(Beginning of Data for review)

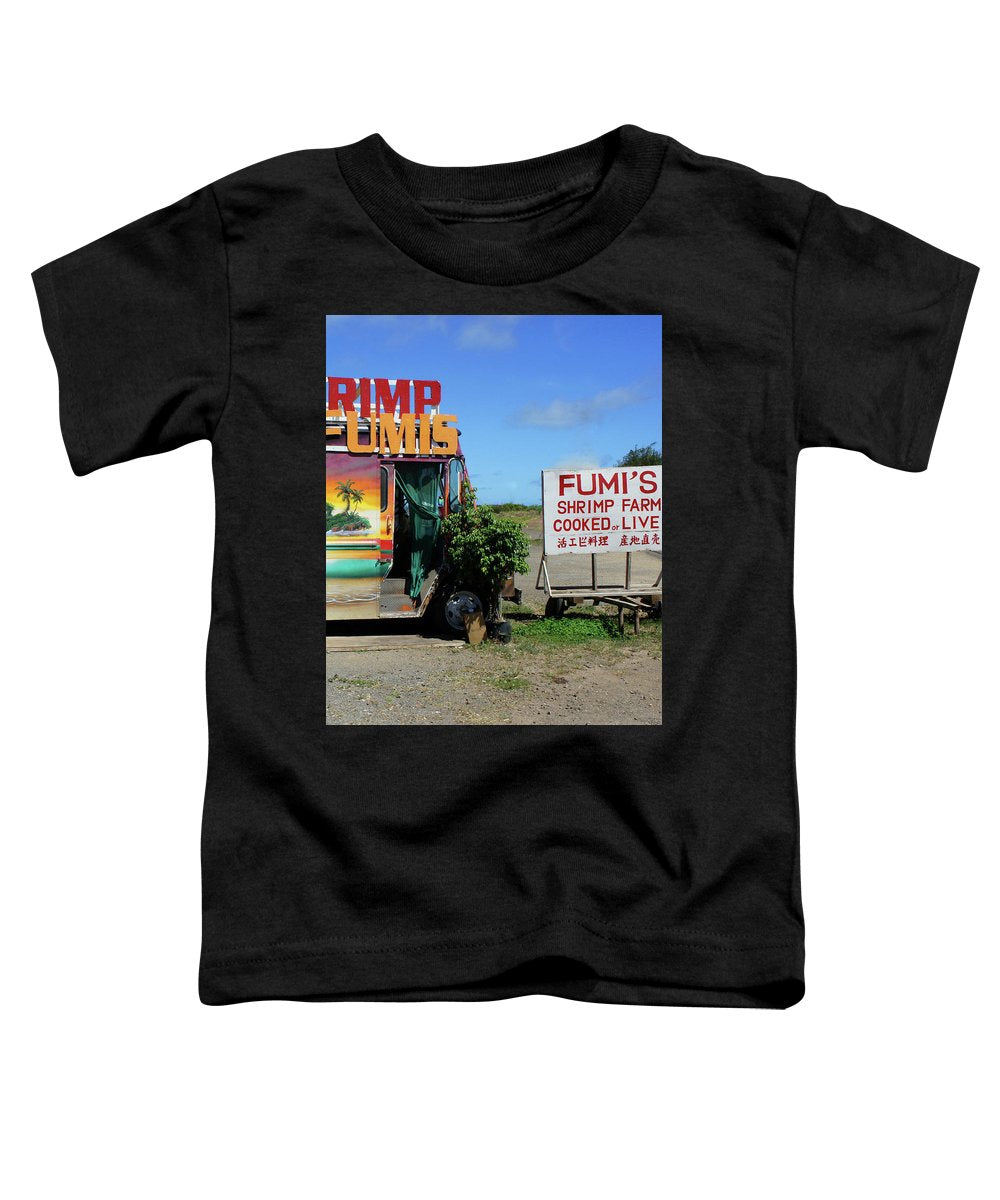 Kaulana Delights - Toddler T-Shirt - Fry1Productions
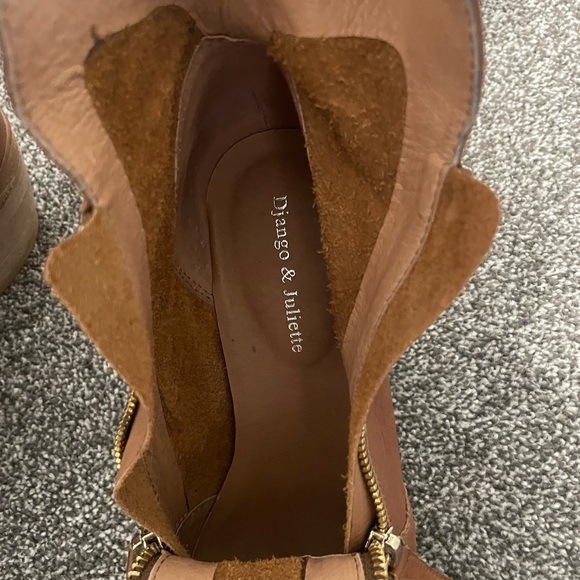 Ankle boots, size 37 leather - Picture 4 of 5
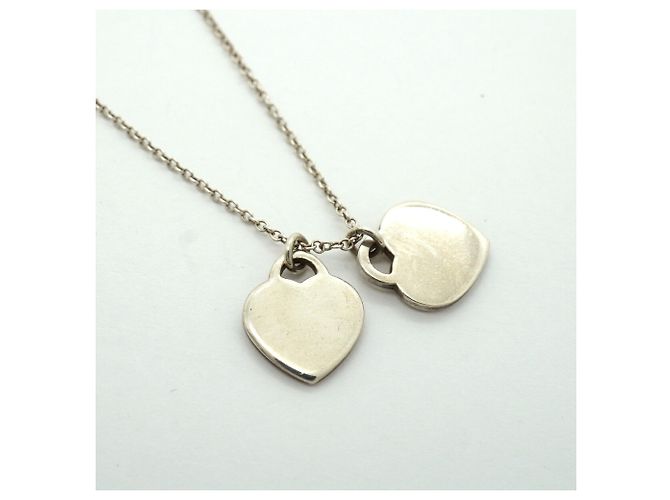Autre Marque Collana Tiffany & Co. Double Return to Heart - vista 2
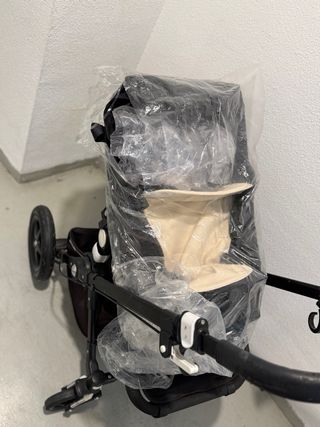 Carrito Bugaboo Cameleon 3 Negro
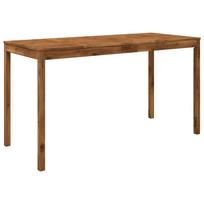 vidaXL Sodo Baro Stalas Natūrali 196 x 80,5 x 105 cm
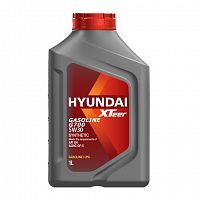 Моторное масло Hyundai XTeer Gasoline G700 5W30 1L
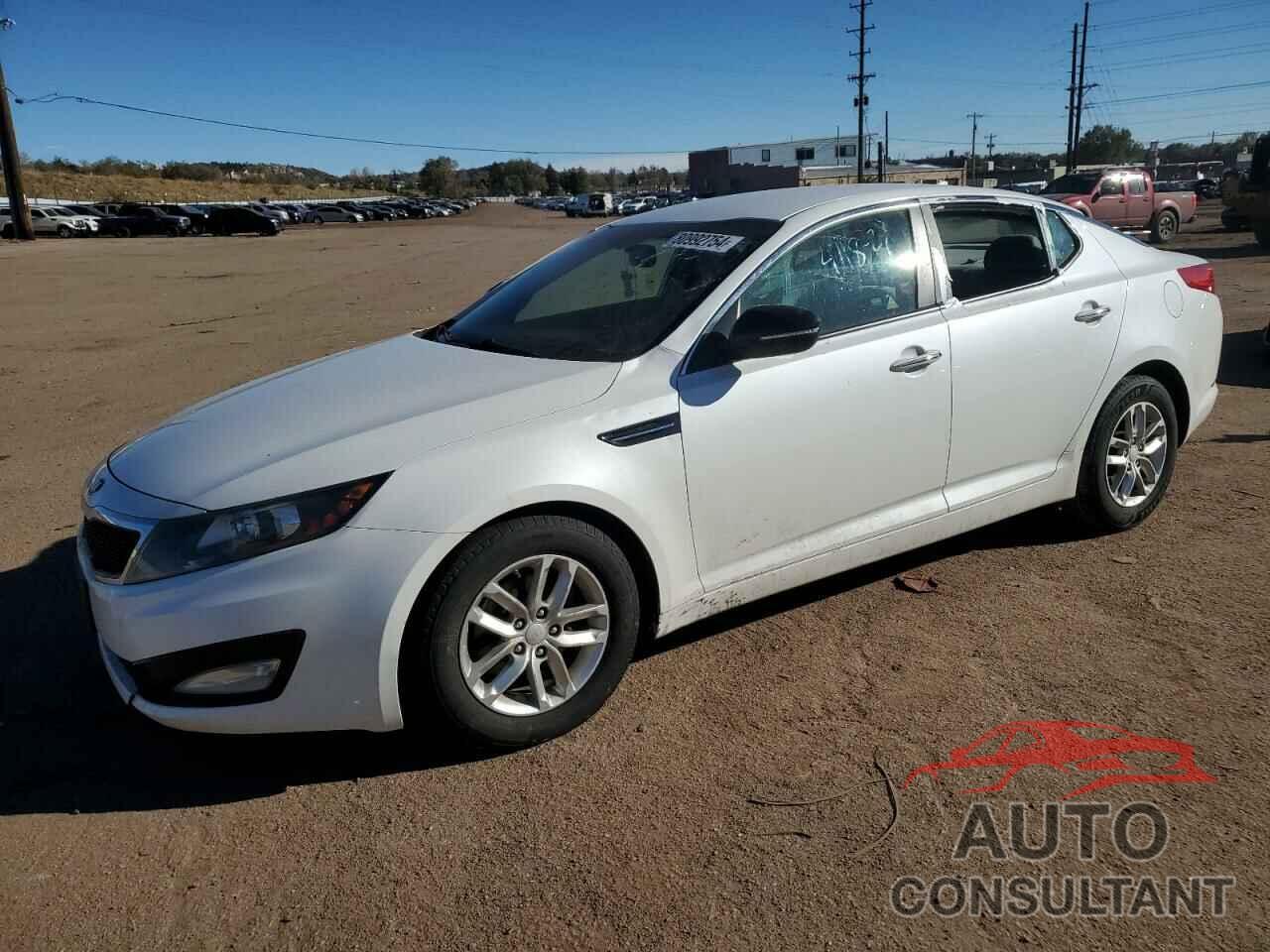 KIA OPTIMA 2013 - KNAGM4A70D5434608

(End of Data for review)

Exercise requirements: Repeat exactly the line containing "Ankle boots, size" and every line after it through the end of the records, and nothing else. Leave the pictures out.

Written response:
 Ankle boots, size 37 leather - Picture 4 of 5
Autre Marque Collana Tiffany & Co. Double Return to Heart - vista 2
 Carrito Bugaboo Cameleon 3 Negro
 vidaXL Sodo Baro Stalas Natūrali 196 x 80,5 x 105 cm
 Моторное масло Hyundai XTeer Gasoline G700 5W30 1L
 KIA OPTIMA 2013 - KNAGM4A70D5434608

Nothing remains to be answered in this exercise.